The Sacred Games of Art

Patrick Lynch

Patrick Lynch, Urban rooms in Westminster, 2013. Pencil, pen and ink and colour pencil on paper. Courtesy of Patrick Lynch.

These images show a series of buildings and public spaces designed over the past decade on Victoria Street, some made intuitively in meetings, others in contemplation, and others as a way to try to communicate something. They also formed part of my PhD submission, and so are sometimes attempts to make visible an argument or a specific reading of a place.

Patrick Lynch, Façade axonometric, Victoria Street Library, 2011. Graphite pencil drawing superimposed on digital drawing in Photoshop. Courtesy of Patrick Lynch.
Patrick Lynch, Study for balcony on Victoria Street, 2011. Digital collage. Courtesy of Patrick Lynch.

Drawn as a series of more or less public rooms, the interiors and thresholds of Westminster reveal the interpenetration of rituals and theatrical life into almost every aspect of city life there. In this landscape of playing surfaces the ludic character of civic culture is evident in the recurrence of the festive gate as an architectural trope.

Patrick Lynch, Urban rooms, Victoria Street, 2006–2013. Pencil, pen and ink and colour pencil on paper. Courtesy of Patrick Lynch.
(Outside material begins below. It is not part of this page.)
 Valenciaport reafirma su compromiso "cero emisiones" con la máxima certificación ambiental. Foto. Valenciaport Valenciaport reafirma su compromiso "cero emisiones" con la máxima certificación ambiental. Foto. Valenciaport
From the façade of Victoria Station (a quasi City Gate) to the baldacchino in Westminster Cathedral, the proscenium arch that frames both inner and outer faces of the Victoria Palace Theatre, etc. The city appears as physiognomic silhouettes, armatures, bodily faces, and as a network of horizontal and vertical stage sets, set up for the drama of urban life.
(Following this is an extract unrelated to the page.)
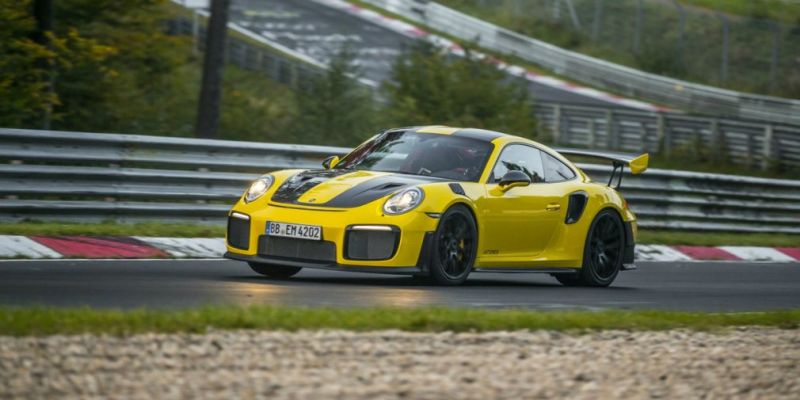 
                                    Быстрейший Porsche 911 стал рекордсменом Нюрбургринга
Patrick Lynch, Sketch of Kings Gate penthouse, 2011. Graphite pencil and watercolour drawing enhanced on Photoshop. Courtesy of Patrick Lynch.

In Gadamer’s terms – described in Truth and Method and The Relevance of the Beautiful – play is the key to understanding culture as generative and redemptive. It’s helpful, he suggests, to see all human life as more or less serious play: from rhythmic bodily movements (with or without balls); to dressing up; to song and dance; to language acquisition; to the theatrical performances of professional life (the costumes and self conscious roles played by judges, committee chairs, even doctors, etc.); to religious festivals (all more or less rhythmic and cyclical performances); to the ‘sacred games of art’ (Schiller).

Patrick Lynch, South Facade of Victoria Street Library, 2011. Graphite and watercolour pencil on digital print of collage by Miller Hare and Lynch Architects. Courtesy of Patrick Lynch.
Patrick Lynch, South facade of Victoria Street Library with initial proposals for sculptural figures of the nine muses, 2011. Pencil on digital drawing. Courtesy of Patrick Lynch.

This way of thinking is, I believe, particularly powerful for design, redeeming architectural creativity from the dead ends of useless beauty on the one hand, and pointless production on the other. It also helps us see cities in terms of what Peter Carl calls Civic Depth, rather than as public or private space (‘there is very little of a city that is purely private – perhaps the domestic loo,’ he declares in ‘Civic Depth’, Mimesis: Lynch Architects, Artifice, 2015). Rather, depth reveals itself as layers of more of less representational aspects of civic life.

Patrick Lynch, View of the library and housing from Victoria Station, c.2011. Photoshop manipulation of collage by Miller Hare. Courtesy of Patrick Lynch.

Understood in this way, theatricality – and in particular the sacred character of play – isn’t just evident or potentially visible in the Catholic cathedral on Victoria Street, but also in the theatre, train station and town hall – at least in my reading of it. And thus a library next to a theatre, across from a cathedral precinct, and even the space beside a town hall, are examples of degrees of theatricality, and in proximity to these public territories, the balconies of someone’s home are too.